The Chronicles of Back Surgery - Part III: The Greatness of Donnie

Room 313 was a semi-private room. I was in bed “A” and a dude named Donnie was in bed “B”. Donnie was sleeping when they brought me into the room, so I didn’t say anything to him. He was a white guy who looked to be in his mid-thirties and was clean cut. I was surprised, because with my luck, I’d figured I’d be matched up with some homeless Mexican and get spend the weekend fighting with him over whether we were going to watch football on ESPN or Sabado Gigante on Univision. I suppose it didn’t really matter; I was looking forward to mainlining my way back to ecstasy every four hours anyway. Soon enough, a nurse came in the room and woke Donnie up to check his blood pressure. She asked him some questions, but he didn’t say much. I assumed that he was still sleepy and might even have been a little pissed that she woke him up. Then Donnie started talking…
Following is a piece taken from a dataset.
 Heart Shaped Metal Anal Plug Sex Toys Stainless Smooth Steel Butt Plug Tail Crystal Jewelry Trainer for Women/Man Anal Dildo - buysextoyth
A deep voice began “speaking” in some guttural, stuttering tongue that was unrecognizable as any language I’d ever heard before. The sudden realization that I was sharing a room with a fucking retard hit my like a baseball bat square in the forehead. Donnie sounded like a combination of Warren from “Something About Mary”, Porky Pig and Helen Keller on steroids. I dreaded the moment when Donnie would turn his attention to me and begin the verbal assault. Sure as shit, as soon as the nurse left the room Donnie began to carpet-bomb me with a painful, stuttering Q & A session.

"Whaa yheu naam? Whaa w..w..w..wonngh wiff yheu?" I kept waiting for him to ask me if I’d seen his baseball… I did my best to avoid as much verbal interaction as I could, but Donnie was a talker.
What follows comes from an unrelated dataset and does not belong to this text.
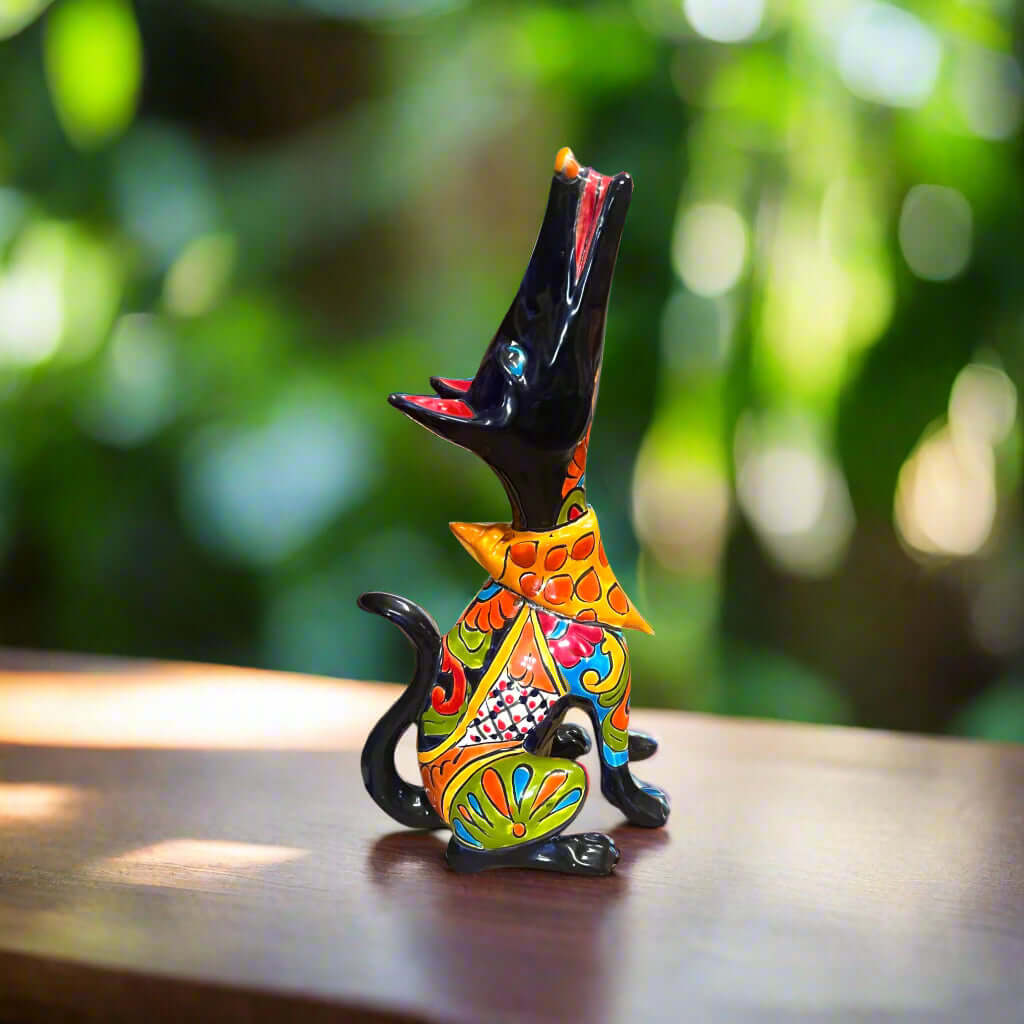 Talavera Howling Coyote Statue | Handmade Mexican Folk Art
Donnie was also a call button pusher. The nurses had to hate him because he was constantly summoning them with the call button for absolutely nothing. Everything from, “I’m cold.” to “What’s for dinner?” to “I just peed.” Sometimes the nurse would leave the room and he’d hit the call button again before she’d even have time to get back to the nurse’s station. Donnie was a very demanding retard.

While he was out of the room having some tests done, I got the whole story on Donnie from one of the nurses. Donnie had been in a car accident about six or seven years earlier that seriously fucked him up. He was jogging early one morning when he was hit by a car and suffered severe head trauma. Donnie had a Master’s degree and was a CPA before his accident. Now, he could hardly talk, couldn’t walk, and couldn’t wipe his own ass. The nurse said that Donnie had been living with his parents, but they were forced to move him into an assisted living center because he needed more care than they could provide. He was in the hospital because he had a blood clot in his leg and the doctors were afraid it would break loose and cause him to have a stroke. After learning all of this, my feelings toward Donnie changed a bit. He was still an annoying pain in the ass, but at least he wasn’t a retard.
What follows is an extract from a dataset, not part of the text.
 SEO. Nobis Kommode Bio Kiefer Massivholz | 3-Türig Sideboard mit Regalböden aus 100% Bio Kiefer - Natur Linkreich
Beyond brain damage, a life-threatening blood clot and an affinity for The Hallmark Channel, Donnie had another major affliction that commanded my attention. The poor bastard was constantly puking. He’d eat something, and then puke. He’d drink a few sips of water, then puke. The nurses would spend 20 minutes cleaning him up and changing his clothes, then he’d hurl all over himself again before they could get to the end of the hall. He vomited so much on Friday, that I began keeping a record of the eruptions. At 6:12 AM, Donnie had his first reversal of the day. He blew beets again at 8:22 AM, 9:51 AM and 11:05 AM. Donnie then decided to throw everyone a curveball by shitting all over himself at 12:15 PM. Even though they had taken the preventative measure of putting a diaper on him, the clean-up took the nurses forever and funked up the room something fierce. Thank God we had already eaten lunch. After he dropped the deuce, I quit recording the times he puked. Shitting the bed just kind of made throwing up all over himself not as interesting anymore.